» **Action item**
Every picture should be left out, but the lines below must be repeated exactly.

» **Data to process**
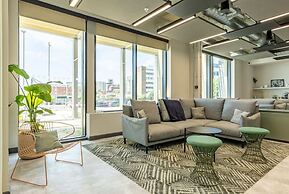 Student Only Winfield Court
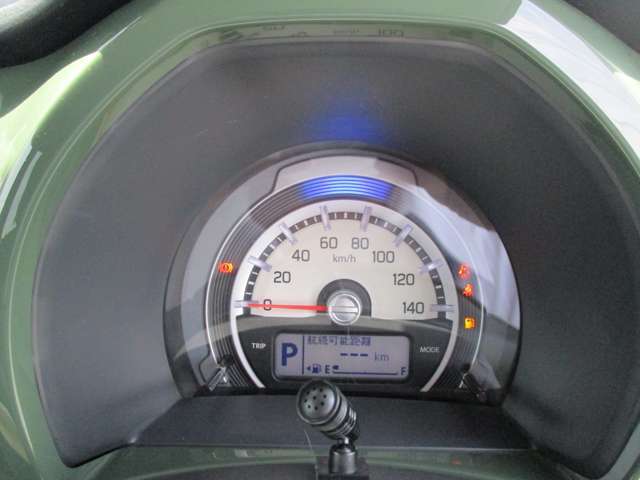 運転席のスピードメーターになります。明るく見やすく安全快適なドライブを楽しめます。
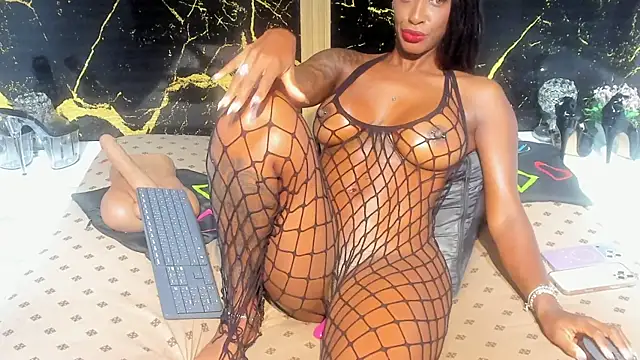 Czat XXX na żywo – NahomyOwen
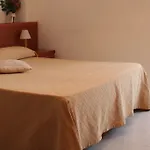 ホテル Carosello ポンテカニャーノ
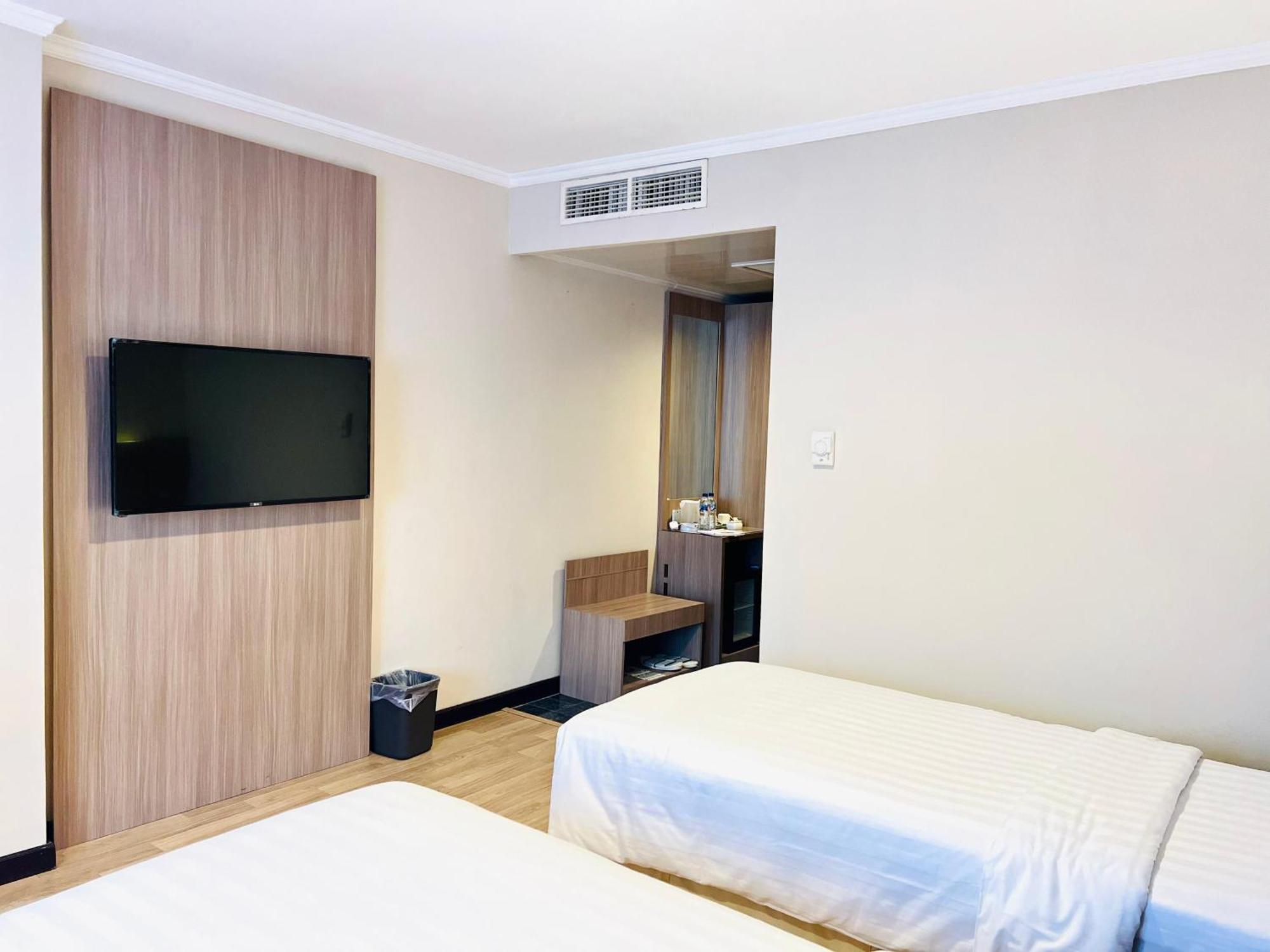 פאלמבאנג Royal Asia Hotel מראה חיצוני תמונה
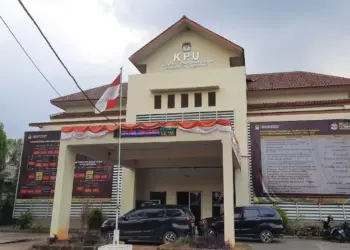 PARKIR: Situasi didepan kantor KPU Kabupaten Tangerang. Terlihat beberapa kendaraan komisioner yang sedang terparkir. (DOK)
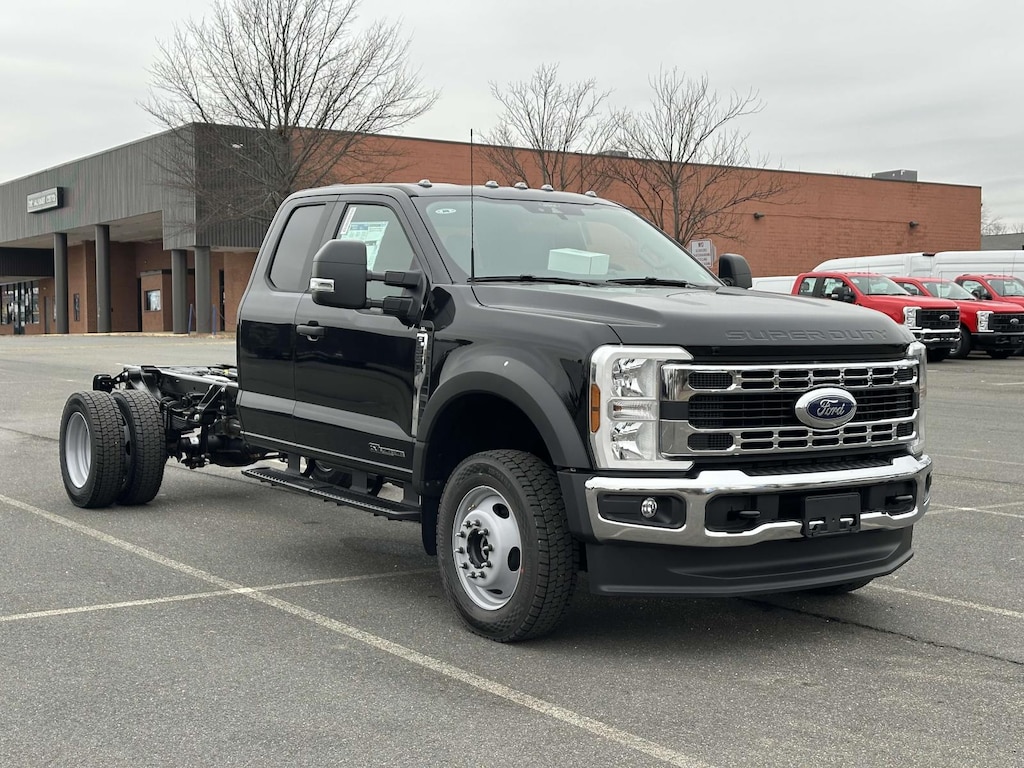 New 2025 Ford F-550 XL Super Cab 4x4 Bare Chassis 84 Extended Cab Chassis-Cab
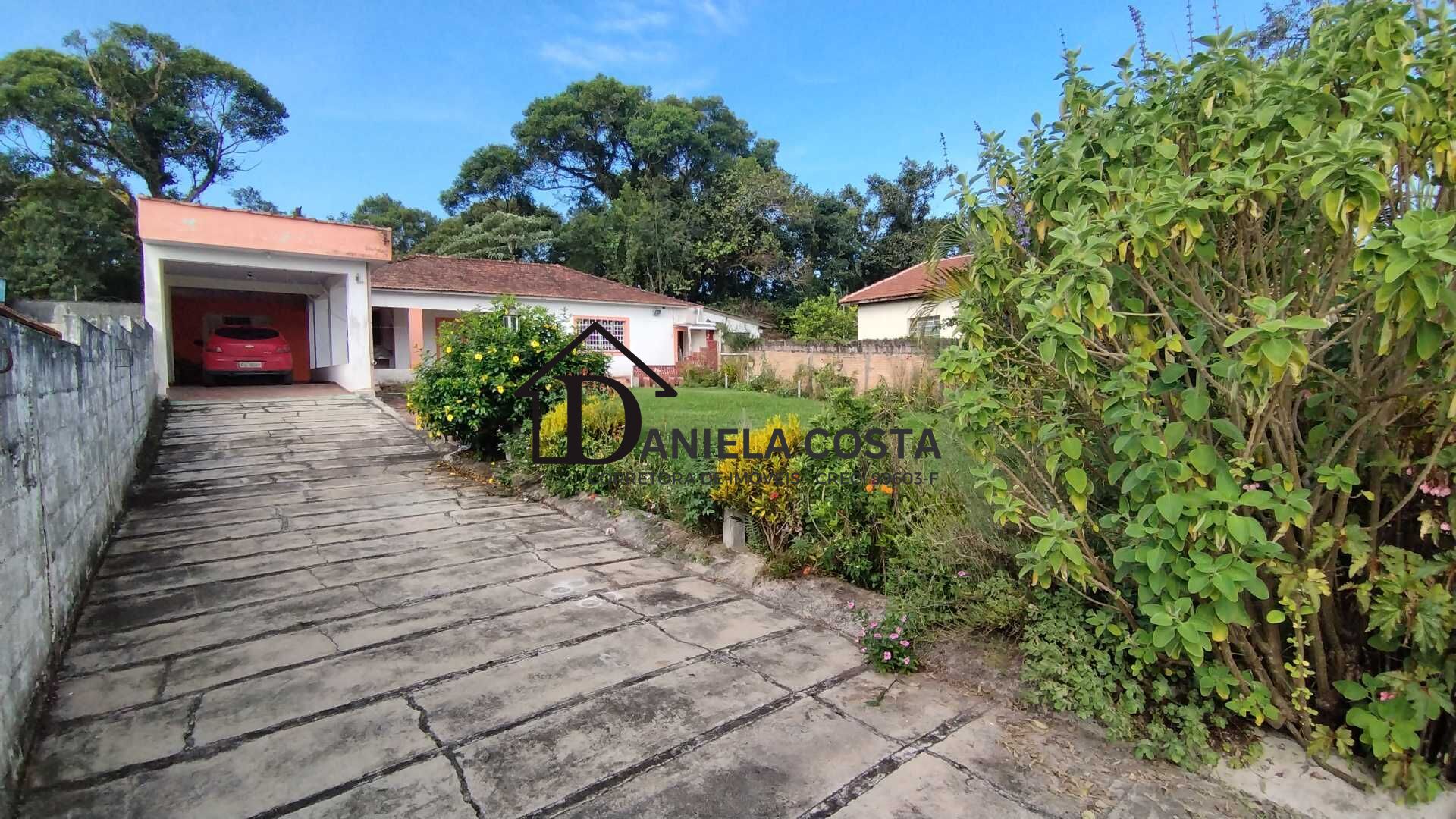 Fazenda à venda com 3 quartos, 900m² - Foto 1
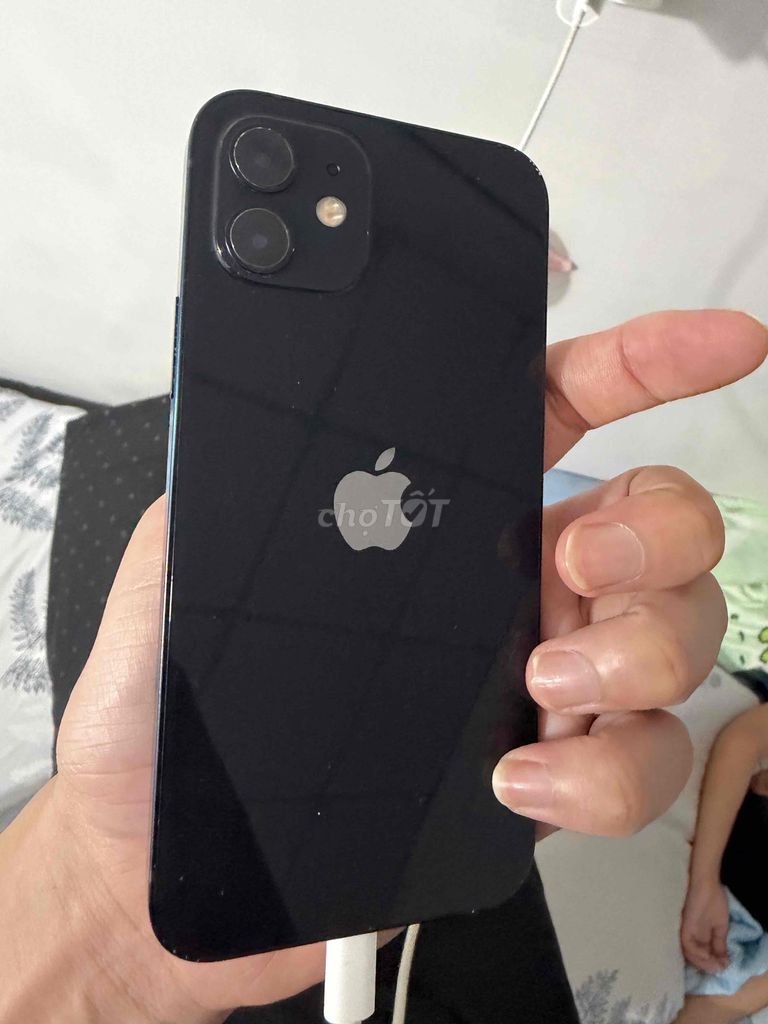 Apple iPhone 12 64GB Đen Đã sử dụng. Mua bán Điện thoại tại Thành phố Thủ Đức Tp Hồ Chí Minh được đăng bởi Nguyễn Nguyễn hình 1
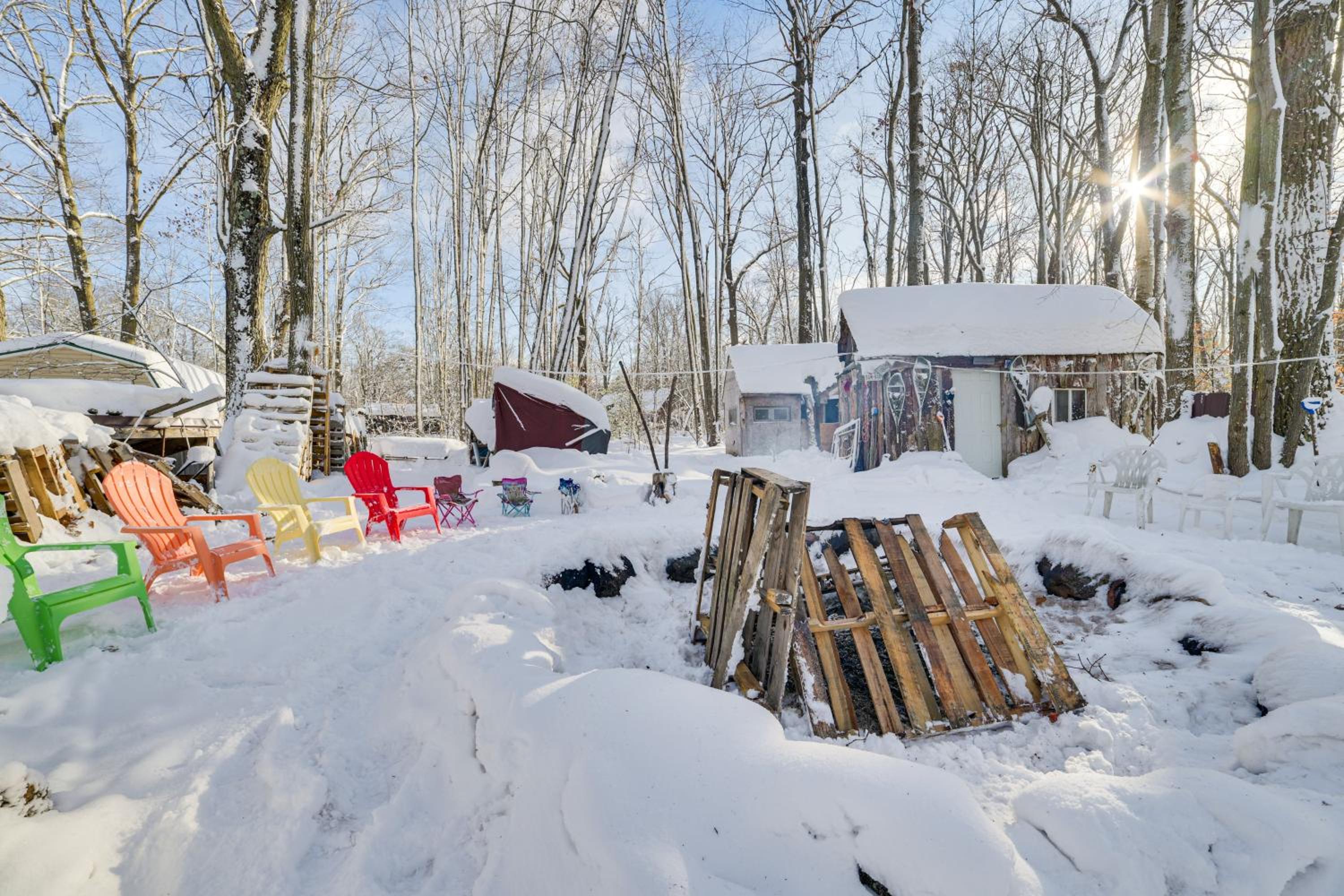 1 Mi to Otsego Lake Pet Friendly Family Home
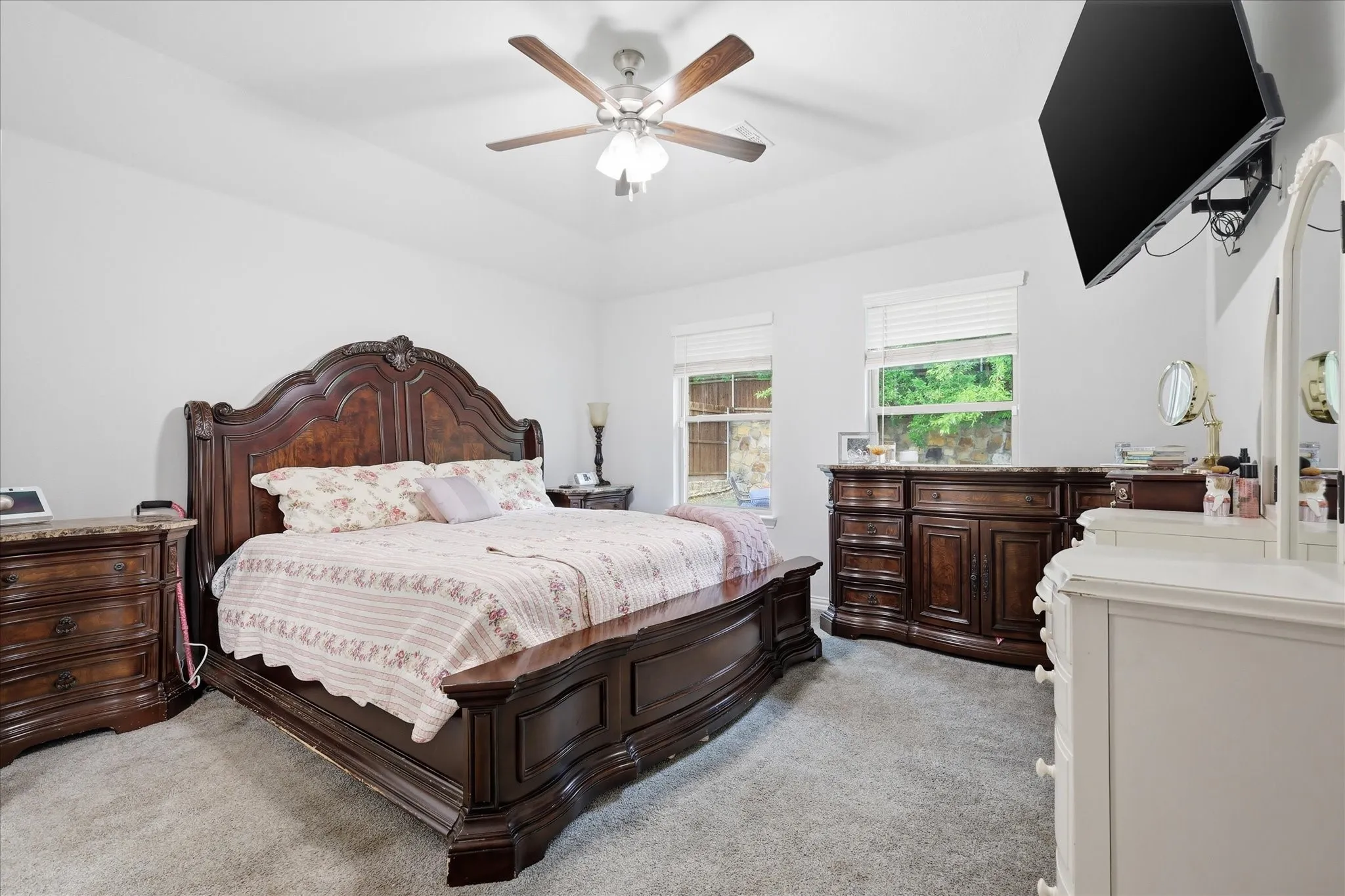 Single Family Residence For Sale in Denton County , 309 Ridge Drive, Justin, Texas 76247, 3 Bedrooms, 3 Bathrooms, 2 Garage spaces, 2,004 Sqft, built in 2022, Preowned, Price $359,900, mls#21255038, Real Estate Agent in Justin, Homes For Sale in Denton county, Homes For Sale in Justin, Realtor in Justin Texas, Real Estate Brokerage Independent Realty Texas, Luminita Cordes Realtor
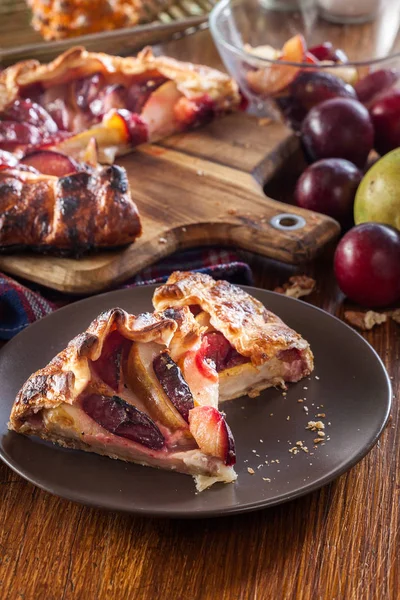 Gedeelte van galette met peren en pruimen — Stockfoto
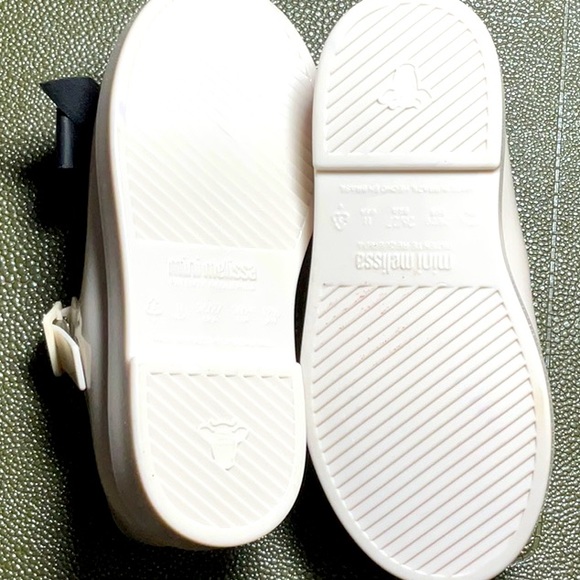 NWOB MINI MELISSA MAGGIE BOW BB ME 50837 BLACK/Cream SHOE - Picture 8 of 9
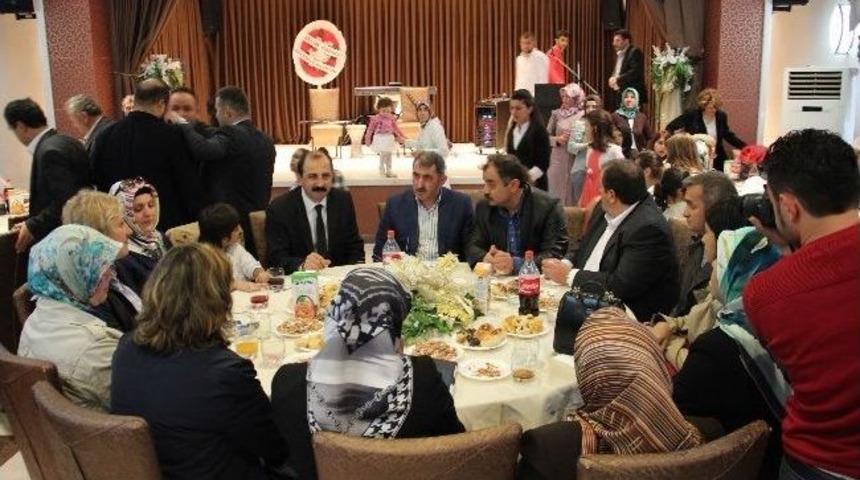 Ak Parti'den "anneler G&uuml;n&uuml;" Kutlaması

» **Exercise answer**
 Student Only Winfield Court
 運転席のスピードメーターになります。明るく見やすく安全快適なドライブを楽しめます。
 Czat XXX na żywo – NahomyOwen
 ホテル Carosello ポンテカニャーノ
 פאלמבאנג Royal Asia Hotel מראה חיצוני תמונה
 PARKIR: Situasi didepan kantor KPU Kabupaten Tangerang. Terlihat beberapa kendaraan komisioner yang sedang terparkir. (DOK)
 New 2025 Ford F-550 XL Super Cab 4x4 Bare Chassis 84 Extended Cab Chassis-Cab
 Fazenda à venda com 3 quartos, 900m² - Foto 1
 Apple iPhone 12 64GB Đen Đã sử dụng. Mua bán Điện thoại tại Thành phố Thủ Đức Tp Hồ Chí Minh được đăng bởi Nguyễn Nguyễn hình 1
 1 Mi to Otsego Lake Pet Friendly Family Home
 Single Family Residence For Sale in Denton County , 309 Ridge Drive, Justin, Texas 76247, 3 Bedrooms, 3 Bathrooms, 2 Garage spaces, 2,004 Sqft, built in 2022, Preowned, Price $359,900, mls#21255038, Real Estate Agent in Justin, Homes For Sale in Denton county, Homes For Sale in Justin, Realtor in Justin Texas, Real Estate Brokerage Independent Realty Texas, Luminita Cordes Realtor
 Gedeelte van galette met peren en pruimen — Stockfoto
 NWOB MINI MELISSA MAGGIE BOW BB ME 50837 BLACK/Cream SHOE - Picture 8 of 9
 Ak Parti'den "anneler G&uuml;n&uuml;" Kutlaması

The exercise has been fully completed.